Understanding Arbitrage

Arbitrage is a unique concept. It allows traders to exploit price discrepancies for the same underlying at different markets. It is considered a relatively low-risk strategy compared to other trading tools, which is why it is common. But, is arbitrage trading legal? In some countries, arbitraging is not only permitted but encouraged too. It is an exciting concept, which we are going to discuss in this article and explain how arbitrage can be a trading strategy to diversify your portfolio.

What Is Arbitrage?

Arbitrage is an investment technique used by traders to earn profit from the price difference of an asset in different markets. It is an act of purchasing and selling the same security in different exchanges or benefiting from the price difference between the spot prices of a security and its future contracts. Arbitrage contributes to market efficiency. Moreover, arbitrageurs help improve liquidity in the market.

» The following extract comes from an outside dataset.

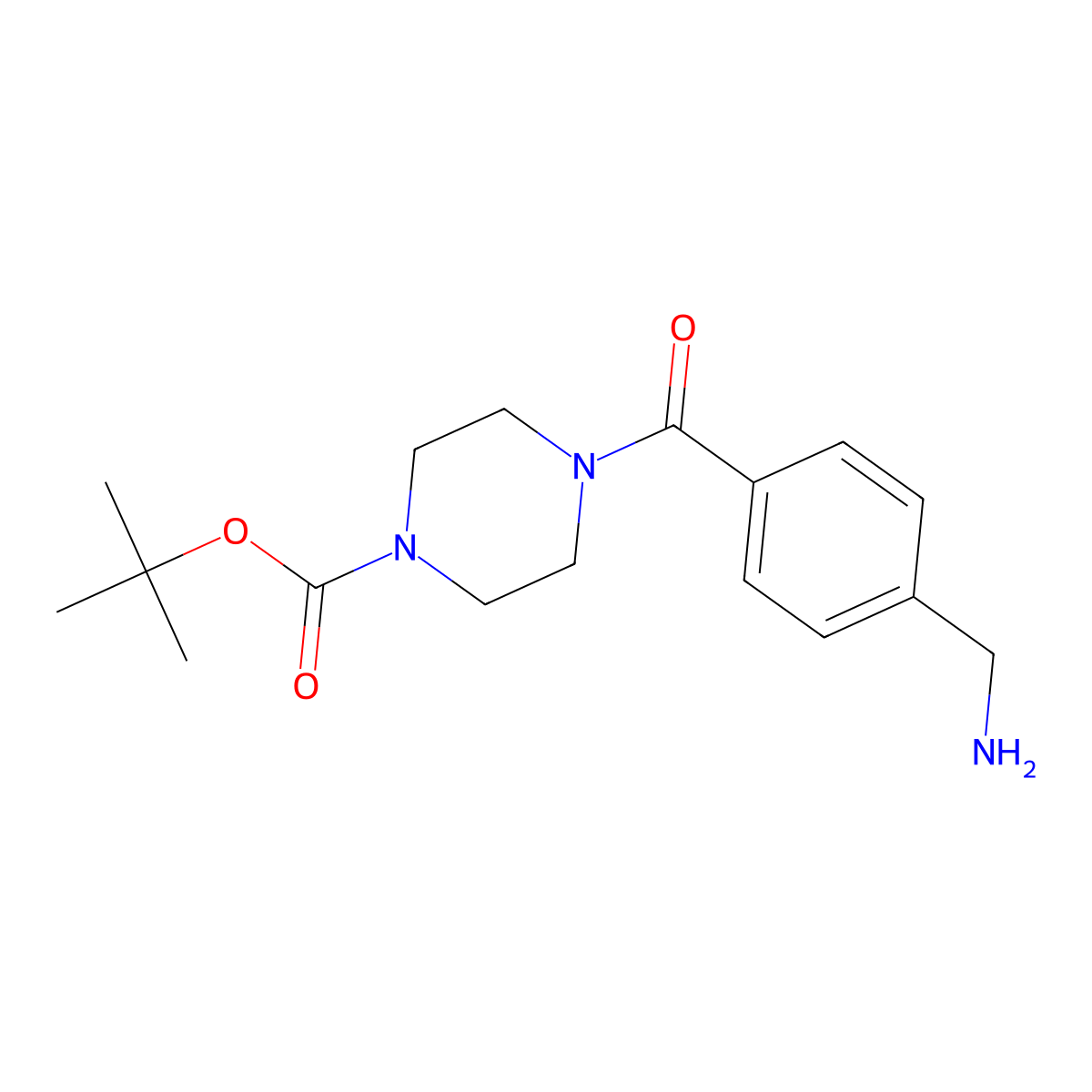 4-(4-Aminomethyl-benzoyl)-piperazine-1-carboxylic acid tert-butyl ester molecular structure, CAS 1299397-08-2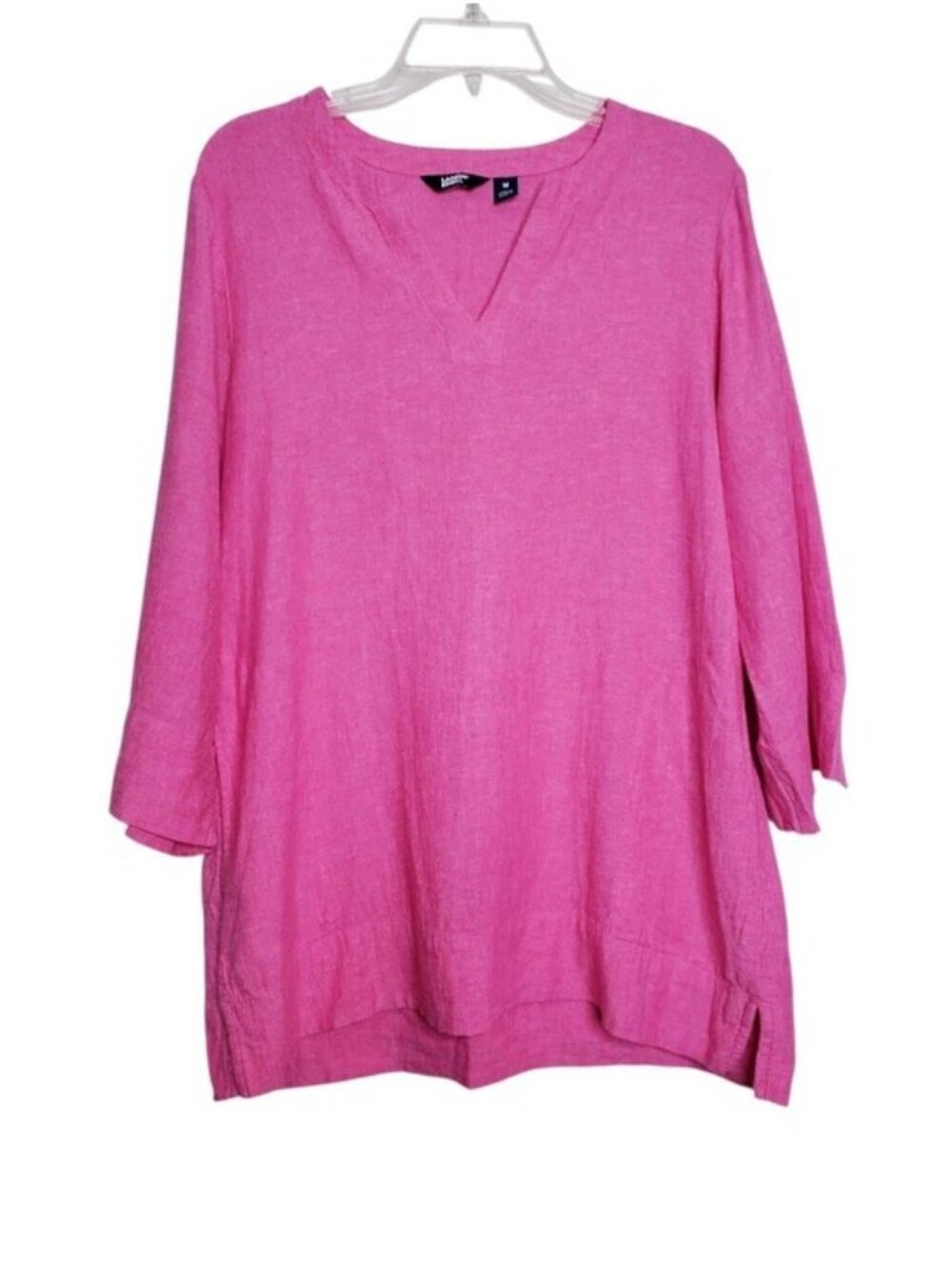 Lands End Pink Linen Blend Tunic V-Neck Pullover Blouse Top Women's Size Medium - Picture 8 of 8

Market efficiency is a term used to describe the competency of the market, that is the degree of availability of all relevant information regarding security price. If the market is operating at an efficient level, then all price information is already captured in the security price, and there are no oversold or overbought securities available.

Arbitrageurs contribute to market efficiency. How?

Arbitrageurs attempt to take advantage of price differences in different markets. Now if the market is efficient, ideally there shouldn’t be any price difference between different markets. But arbitrageurs benefit from mispricing,  a clear violation of the law of one price. So, when arbitrageurs do so, they eventually bring the price discrepancy to the fore and allow other traders to benefit from it, adjusting the market for the new price.

Let’s dig deeper into the concept.

Arbitraging can happen in the market for any asset – stocks, commodities, or forex.  By engaging in arbitraging, arbitrageurs are also influencing liquidity in the market. Say for example – an arbitrageur is buying shares of a company at a lower price in market A and selling it at market B at a higher price. In doing so, they function as market intermediaries and add liquidity to the market.

In most cases, arbitraging is considered risk-free or low in risk, but it isn’t entirely true. Arbitraging involves the chances of missing the arbitraging opportunity, which increases your risk exposure. Like, you have identified an arbitraging opportunity, but by the time you react to the chance, it may disappear.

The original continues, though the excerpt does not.